Throw in a new bout of economic crisis in Europe, and you’re bound to get a bit queasy if you’re, say, the chairman of the Federal Reserve, says Steven Englander of Citibank in New York.

“If you’re Ben Bernanke, you’re sitting at the Fed saying, ‘Look this isn’t over, there is the still the potential for negative shocks to come from outside the U.S., and we need this buffer to make sure that our economy, which is just beginning to get its footing, doesn’t get hit by these shocks from abroad,’” Englander said.

In public, most European officials are expressing hope that Italy can form a government, and get on with its reforms.

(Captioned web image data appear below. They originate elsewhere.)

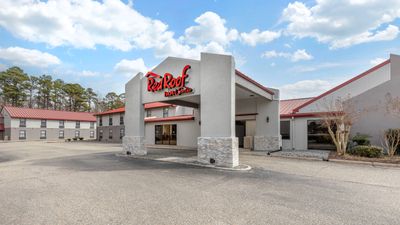 Red Roof Inn & Suites Newport News
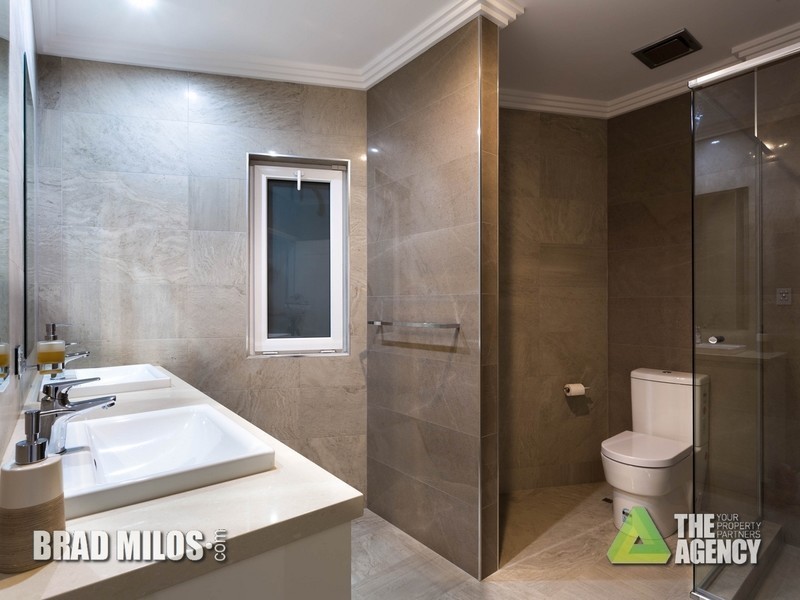 34 Arabella Loop, North Coogee WA 6163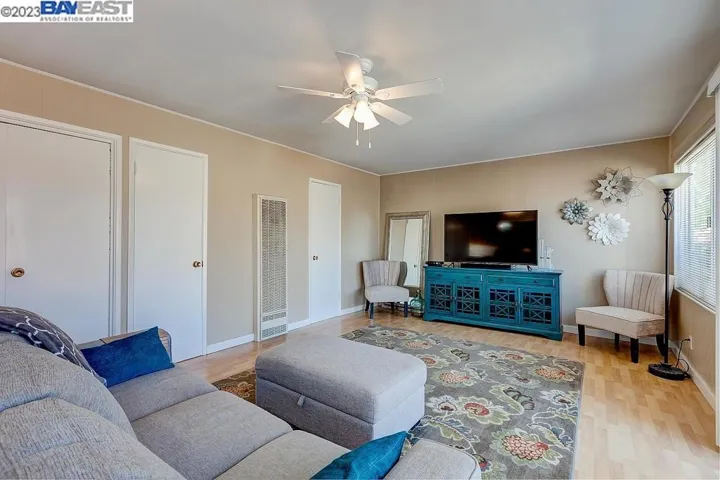 15943 Via Paro, San Lorenzo, California 94580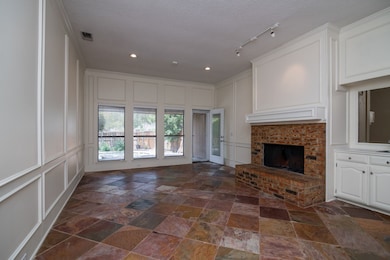 618 Stone Canyon Dr, Irving, TX 75063 - photo 5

But that doesn’t sound like something many Italians are interested in right now.

And in other countries that have been through the ravages of austerity in the past few years, there is sympathy. Some in Greece, for example, are now asking — “Where’s OUR Beppe Grillo?”

Anton LaGuardia, with The Economist in Brussels, told the BBC that the Italian election results are a rude awakening for leaders in Brussels and Berlin.

“It’s easier to bully smaller countries like Greece. It’s much harder to bully Italy, because if Italy goes down it’s too big to save, to big to bail out, and frankly too big for the euro to survive the shock,” La Guardia said.

Last summer, Mario Draghi, the head of the European Central Bank, said he would do “whatever it takes” to save the euro.

In a speech Wednesday, Draghi, who himself is Italian, didn’t mention his native country at all.

But he did say that the austerity measures being implemented in Europe are coming “at a heavy social cost.”

And those costs, van Overtveldt says, are giving rise to protest.

“Unemployment is rising — especially youth unemployment — for more and more European countries, and that’s a huge problem," he added. "It’s to be expected that the anti-European, anti-German mood will be increasing in the coming months.”

Van Overtveldt says that if there’s one other lesson to take away from the Italy situation, it’s this:

The European project — a unified political and economic zone with policies coordinated across dozens of counties — is still far from being a done deal.